The bill goes back to the Republican-led Congress, which does not have the votes to override the veto.
Obama's veto was expected, but it marks the first time Republicans have been able to get a bill that would repeal his signature health care law to the White House, after more than 60 votes to roll back all or part of the law.
In his veto message, Obama stressed the number of times congressional Republicans have tried to "repeal or undermine the Affordable Care Act."
"Rather than re-fighting old political battles by once again voting to repeal basic protections that provide security for the middle class, members of Congress should be working together to grow the economy, strengthen middle-class families, and create new jobs," Obama wrote.
"Because of the harm this bill would cause to the health and financial security of millions of Americans, it has earned my veto," he added.
The measure would also have barred federal money for Planned Parenthood, something conservatives in Congress vowed to do after a series of videos released by an anti-abortion group last year triggered a controversy about the sale of fetal tissue.
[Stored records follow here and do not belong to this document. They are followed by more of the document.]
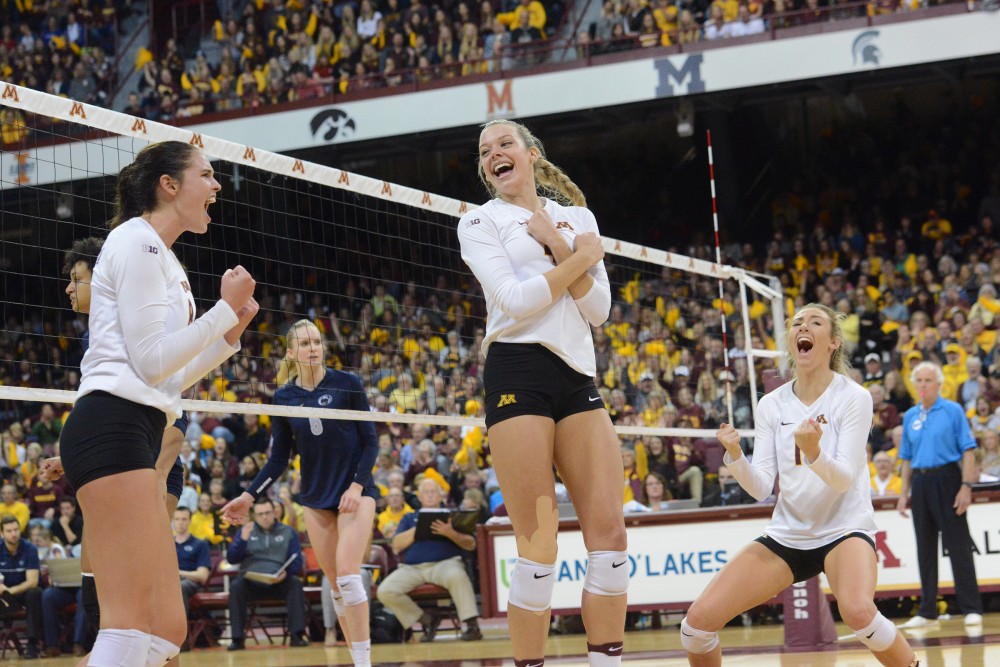 The Gophers cheer after scoring a point against Penn State on Saturday Oct. 29, 2016 in the Sports Pavilion.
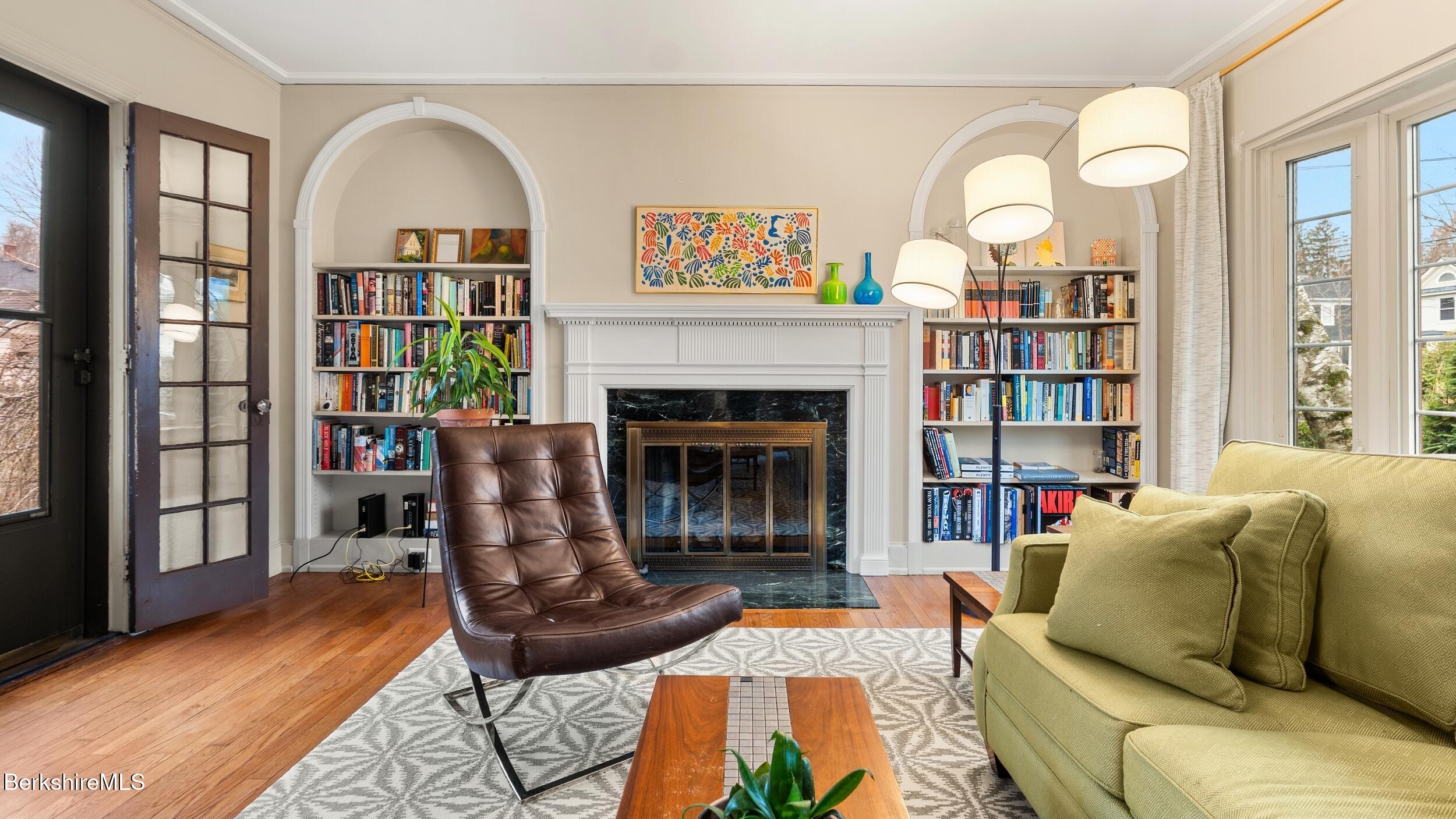 69 Commonwealth Avenue Pittsfield, MA 01201 - Photo 10 of 40 a living room with furniture and a fireplace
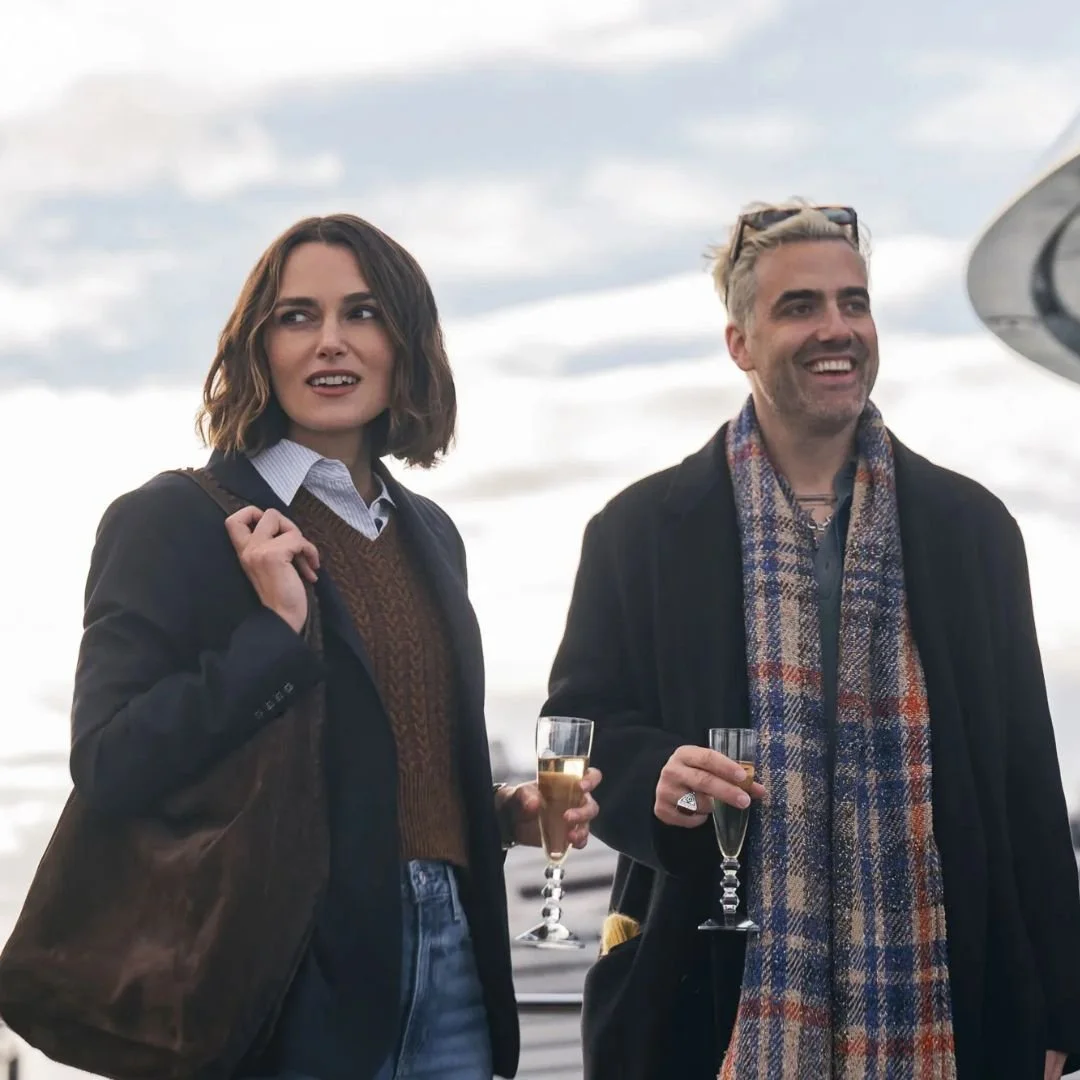 Two people celebrating outdoors with glasses of champagne, dressed in warm clothing, under a cloudy sky.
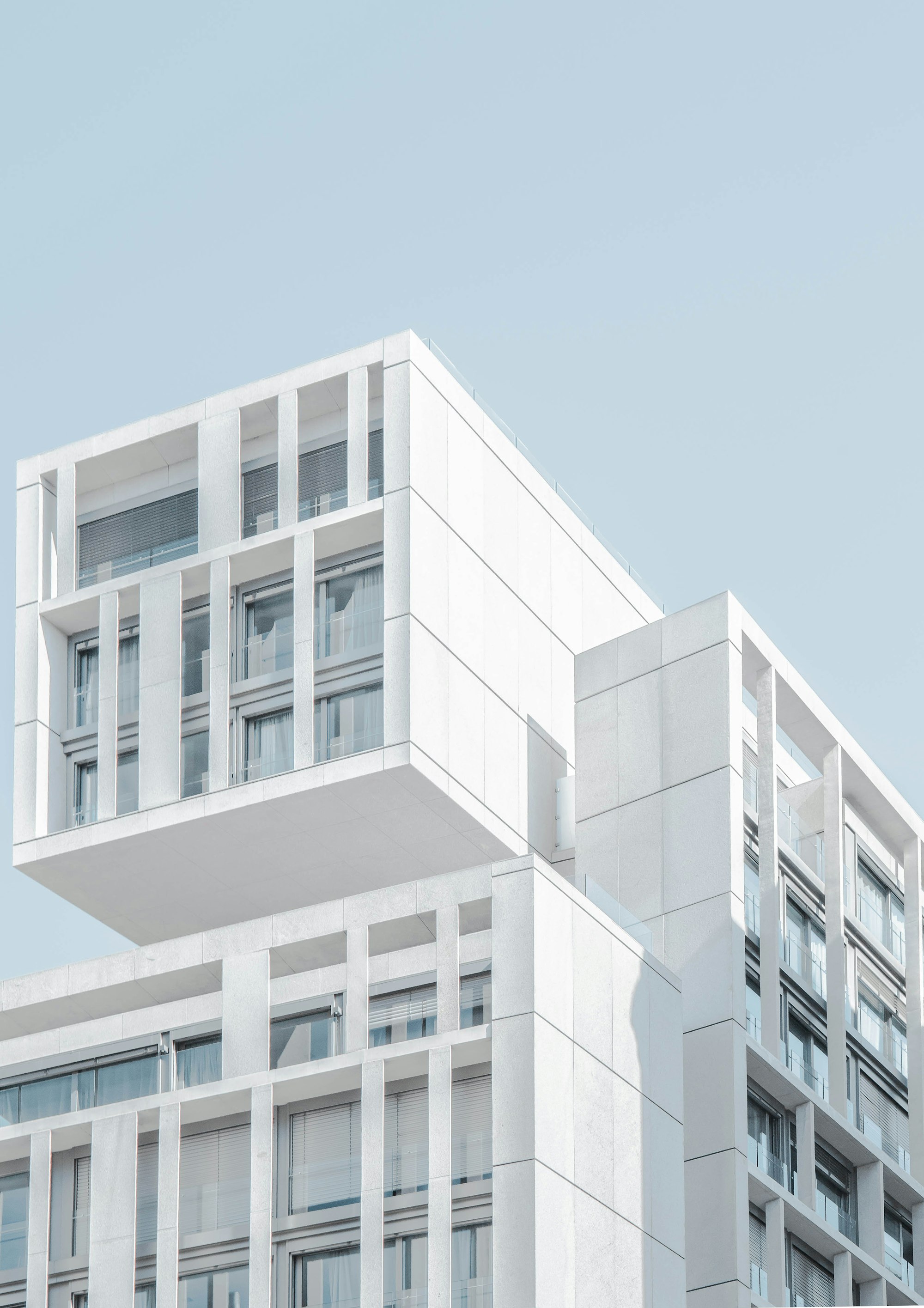 Generate an image of: Abstract architecture details, highly structured steel framing against a black background, industrial and severe
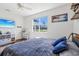 Bedroom featuring hardwood floors, a ceiling fan, and a scenic backyard view at 3607 Hidden River Ln, Tavares, FL 32778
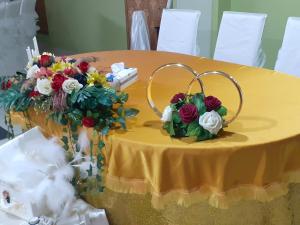 una mesa amarilla con flores y un anillo en ella en Hanul Anitei La paducel 
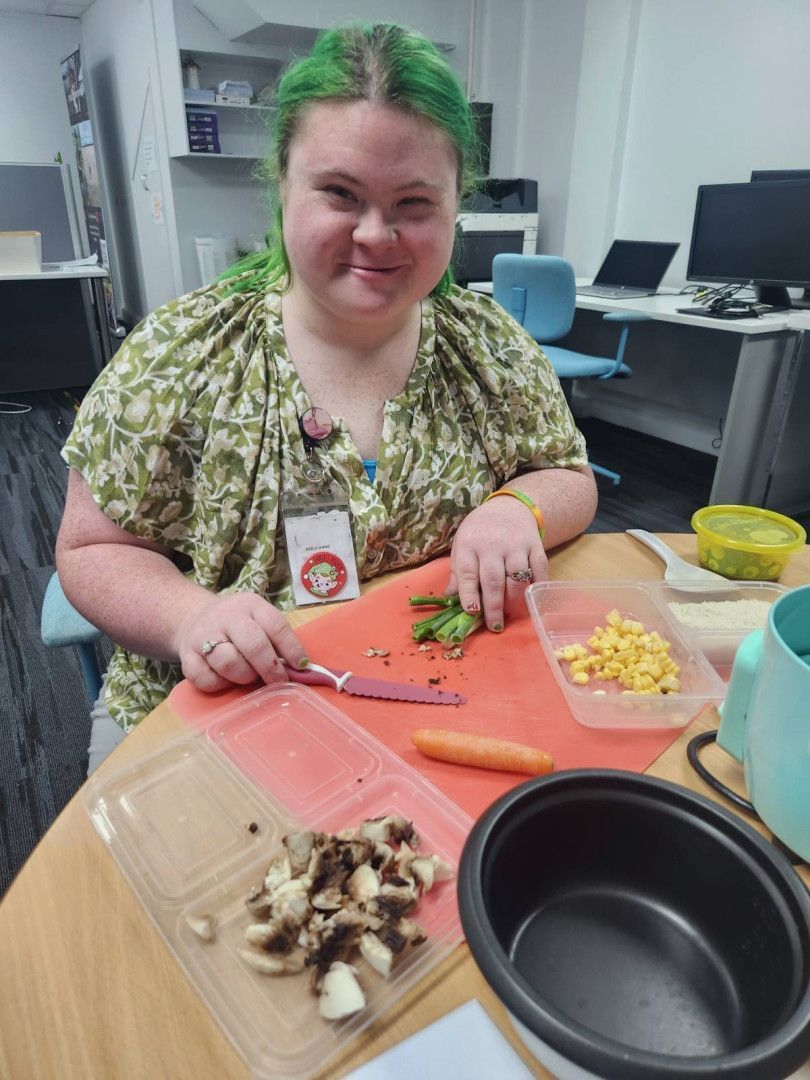 Lady chopping vegetables NDIS — Specialist Support Solutions in Rockhampton City, QLD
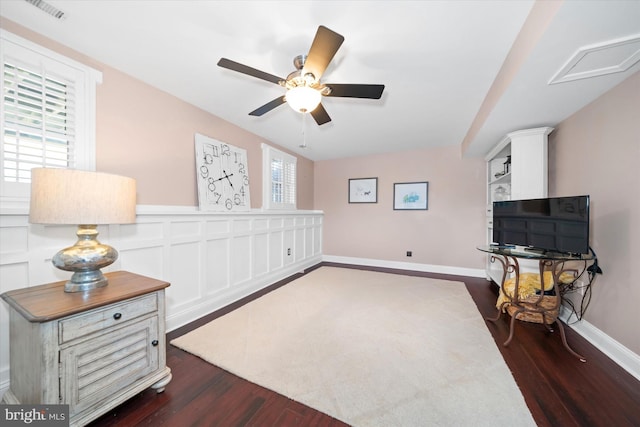 sitting room with visible vents, baseboards, dark wood-style floors, and a ceiling fan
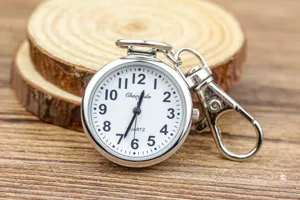 Vue détaillée de la montre de poche à quartz argentée avec cadran et mousqueton en métal.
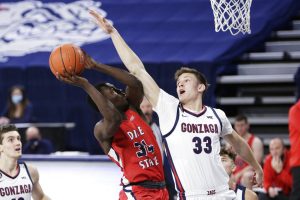 Dixie State guard Emad Elniel (34) shoots and is fouled by Gonzaga forward Ben Gregg (33) during the second half of an NCAA college basketball game in Spokane, Wash., Tuesday, Dec. 29, 2020. Gonzaga won 112-67.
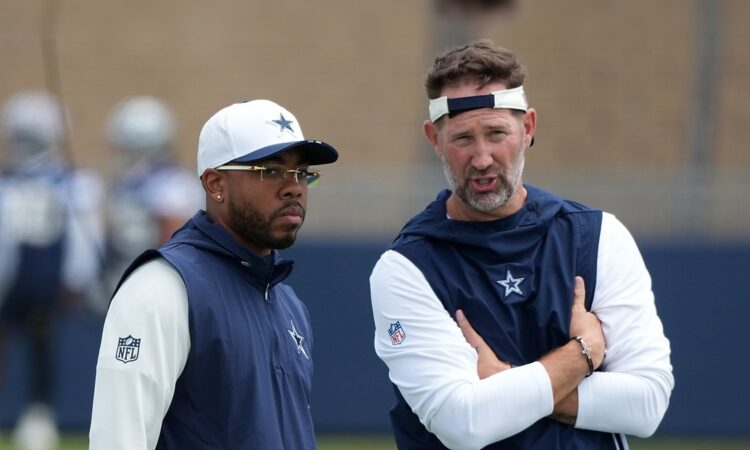 Dallas Cowboys defensive coordinator Christian Parker stands beside head coach Brian Schottenheimer, who talks with his arms folded, during training camp.
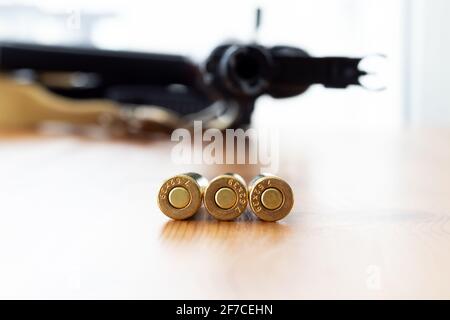Trois balles en bas sur fond flou de carabine d'assaut Kalashnikov. Cartouches calibre 7.62 pour ak 47 gros plan. Banque D'Images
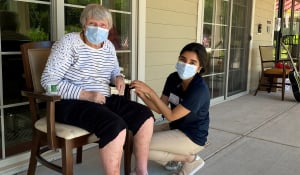 younger woman wearing mask kneeling next to an older woman wearing mask on a bench outside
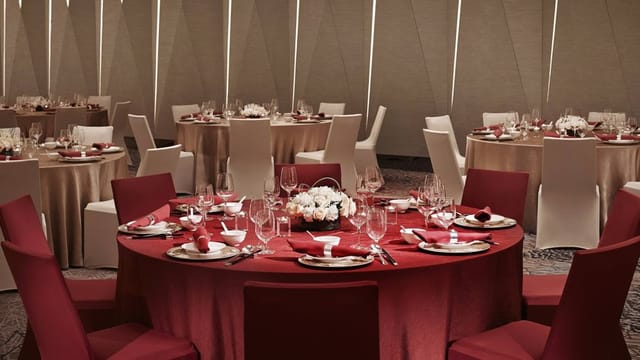 Grand Ballroom at Shanghai Marriott with elegant red tables for corporate events.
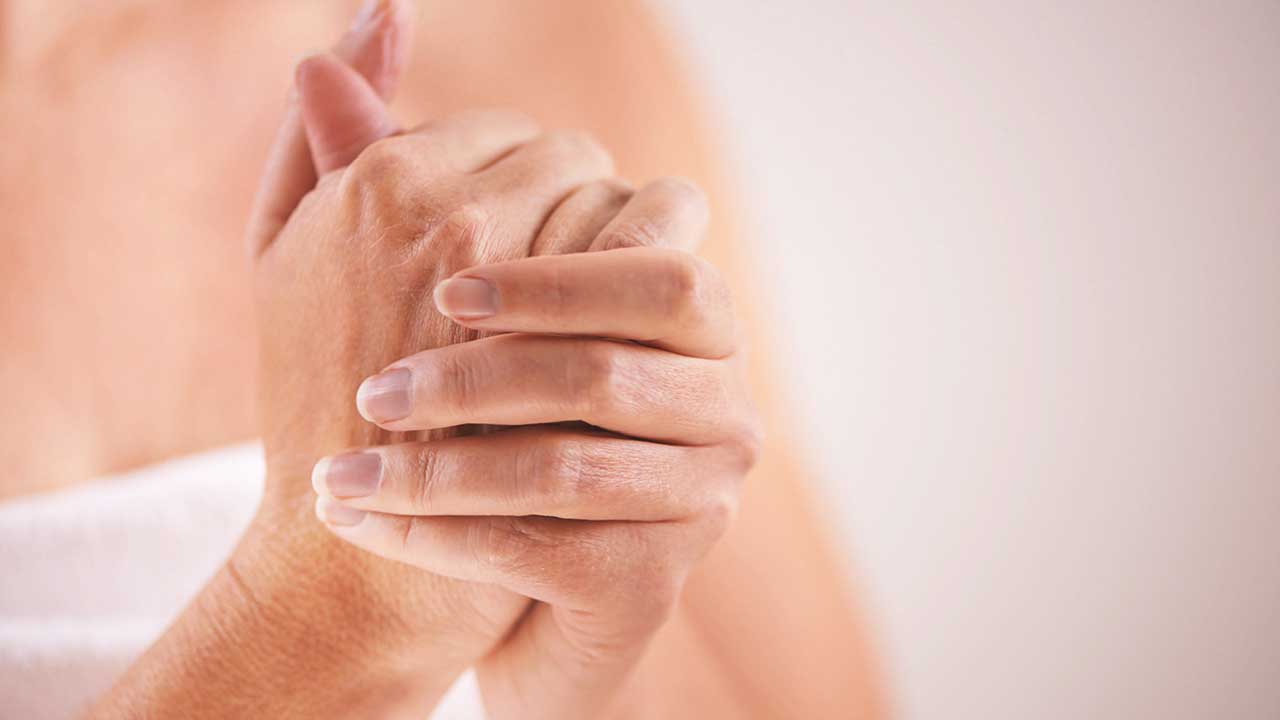 Close-up image of a person's hands clasped together.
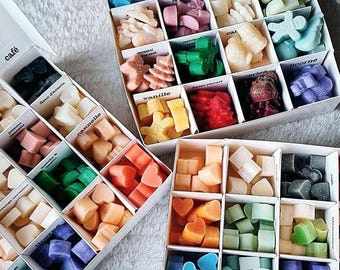 May include: Assortment of colorful wax melts in various shapes and scents, arranged in individual compartments within white boxes. The melts include heart, star, and geometric shapes in shades of blue, green, pink, orange, and yellow. The boxes are labeled with scent names.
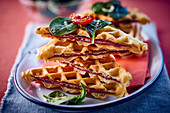 Spicy waffles with bacon and spinach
Planned Parenthood maintains the footage was edited and denied any improper activity.
House Speaker Paul Ryan pledged to hold an override vote.
"It's no surprise that someone named Obama vetoed a bill repealing Obamacare," Ryan said in a statement.
"But here's the thing. The idea that Obamacare is the law of the land for good is a myth. This law will collapse under its own weight, or it will be repealed. Because all those rules and procedures Senate Democrats have used to block us from doing this? That's all history," he added. "We have now shown that there is a clear path to repealing Obamacare without 60 votes in the Senate. So, next year, if we're sending this bill to a Republican president, it will get signed into law."